The biggest problem, by far, is that package content is hosted by a third party (i.e. GitHub) and managed by another third party (i.e. the repository owner). At any time, a package author or the host can simply delete the repository and cause a major downstream impact - like the infamous left-pad incident in npm.
This is why other package ecosystems have adopted a "read only" package repositories and disallow deletes (except for rare cases like abuse). Once you upload a package to npmjs, nuget, rubygems, etc. -- it's permanently there, and users can always rely on that being the case.
That's simply not possible with Git-based "packages". The "content pointer" must be updated periodically updated, such as if the author decides to move the Git repo to GitLab, Gitea, etc. Now you no longer have a read-only package repository, but one that must be editable. Who edits? Are they tracked? What edits are allowed? Etc.

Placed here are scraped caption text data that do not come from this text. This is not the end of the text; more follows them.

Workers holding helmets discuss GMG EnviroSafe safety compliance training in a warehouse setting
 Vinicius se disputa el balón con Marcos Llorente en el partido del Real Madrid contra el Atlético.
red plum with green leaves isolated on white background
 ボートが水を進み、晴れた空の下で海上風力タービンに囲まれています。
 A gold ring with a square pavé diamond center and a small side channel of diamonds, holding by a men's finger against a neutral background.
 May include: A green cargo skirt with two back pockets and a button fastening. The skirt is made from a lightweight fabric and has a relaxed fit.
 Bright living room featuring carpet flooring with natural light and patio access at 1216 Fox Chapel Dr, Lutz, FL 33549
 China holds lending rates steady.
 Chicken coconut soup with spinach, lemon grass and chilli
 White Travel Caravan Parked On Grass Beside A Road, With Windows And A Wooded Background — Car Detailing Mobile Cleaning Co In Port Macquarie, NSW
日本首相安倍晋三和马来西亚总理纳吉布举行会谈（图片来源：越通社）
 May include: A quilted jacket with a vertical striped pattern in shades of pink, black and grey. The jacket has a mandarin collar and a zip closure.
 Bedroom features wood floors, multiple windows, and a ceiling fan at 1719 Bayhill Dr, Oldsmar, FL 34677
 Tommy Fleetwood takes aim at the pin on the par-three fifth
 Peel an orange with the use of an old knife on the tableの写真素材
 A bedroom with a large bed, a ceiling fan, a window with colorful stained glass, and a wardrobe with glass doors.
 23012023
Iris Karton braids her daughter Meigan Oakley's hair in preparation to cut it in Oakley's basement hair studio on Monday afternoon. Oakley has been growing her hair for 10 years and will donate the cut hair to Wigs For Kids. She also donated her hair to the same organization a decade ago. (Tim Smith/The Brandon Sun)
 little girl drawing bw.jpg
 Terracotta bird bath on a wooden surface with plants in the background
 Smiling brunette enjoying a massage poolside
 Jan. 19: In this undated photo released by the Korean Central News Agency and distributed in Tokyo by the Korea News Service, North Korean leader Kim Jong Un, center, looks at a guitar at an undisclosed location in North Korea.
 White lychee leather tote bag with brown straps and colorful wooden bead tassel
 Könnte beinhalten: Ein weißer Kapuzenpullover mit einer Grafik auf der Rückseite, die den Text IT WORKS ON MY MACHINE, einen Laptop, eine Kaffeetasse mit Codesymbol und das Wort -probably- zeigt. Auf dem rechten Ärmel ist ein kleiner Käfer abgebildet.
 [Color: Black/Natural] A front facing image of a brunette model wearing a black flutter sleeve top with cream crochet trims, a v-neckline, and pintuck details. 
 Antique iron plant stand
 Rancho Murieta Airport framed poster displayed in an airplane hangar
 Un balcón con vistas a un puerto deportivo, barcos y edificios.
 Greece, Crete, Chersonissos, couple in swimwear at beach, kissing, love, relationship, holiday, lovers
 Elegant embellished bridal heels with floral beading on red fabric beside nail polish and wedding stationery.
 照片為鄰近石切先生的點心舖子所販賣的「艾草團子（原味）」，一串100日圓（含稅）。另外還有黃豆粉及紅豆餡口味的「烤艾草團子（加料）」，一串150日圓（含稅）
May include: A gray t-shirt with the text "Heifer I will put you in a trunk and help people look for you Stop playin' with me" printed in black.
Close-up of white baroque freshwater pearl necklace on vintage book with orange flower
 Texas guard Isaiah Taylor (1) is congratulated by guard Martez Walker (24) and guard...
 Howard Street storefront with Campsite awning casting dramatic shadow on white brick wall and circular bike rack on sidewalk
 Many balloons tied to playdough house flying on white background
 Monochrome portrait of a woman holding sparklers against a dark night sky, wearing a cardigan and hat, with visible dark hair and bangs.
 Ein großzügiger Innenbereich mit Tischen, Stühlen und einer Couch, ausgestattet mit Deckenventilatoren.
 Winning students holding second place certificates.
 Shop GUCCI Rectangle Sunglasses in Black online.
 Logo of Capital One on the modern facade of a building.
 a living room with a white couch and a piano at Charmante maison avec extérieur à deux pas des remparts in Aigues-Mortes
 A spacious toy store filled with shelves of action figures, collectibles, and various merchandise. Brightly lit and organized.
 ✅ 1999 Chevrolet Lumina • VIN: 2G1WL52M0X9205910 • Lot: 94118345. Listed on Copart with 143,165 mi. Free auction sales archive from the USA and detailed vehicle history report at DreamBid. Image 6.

There are several of other issues, especially with private/organizational usage, like the fact that there's no reasonable way to QA/test packages (i.e. compared to using a pre-release/repackaging workflow) and that committing/publishing are coupled (i.e. you tag a commit to publish it). This makes governance impractical.
And that's not to mention the fact that there's no real way to "cache" or "privatize" third-party remote Git repositories. Unless, of course, you mirror them into your own Git server... which is technically challenging, especially if the author changes hosts.
We first investigated feeds years ago, but they didn't have package files at the time -- only Git repository pointers. Like Rust/Cargo (which used to be Git-based, and still technically supports Git-based packages), we anticipate this same maturity coming to Packagist/Composer as well.
So while we certainly understand that this is a workflow shift, it's a natural evolution/maturation of package management. Likewise, it took decades for the development world to shift from "file shares" and legacy source control to "Git", but that's what everyone has standardized on.
That's the world ProGet operates in, so it might be a bit "too far ahead", or we might be misreading the tea leaves - but a "package mindset" is a requirement in using ProGet. But hoepfully we can make that easier, possibly with exploring "package imports" or something like that.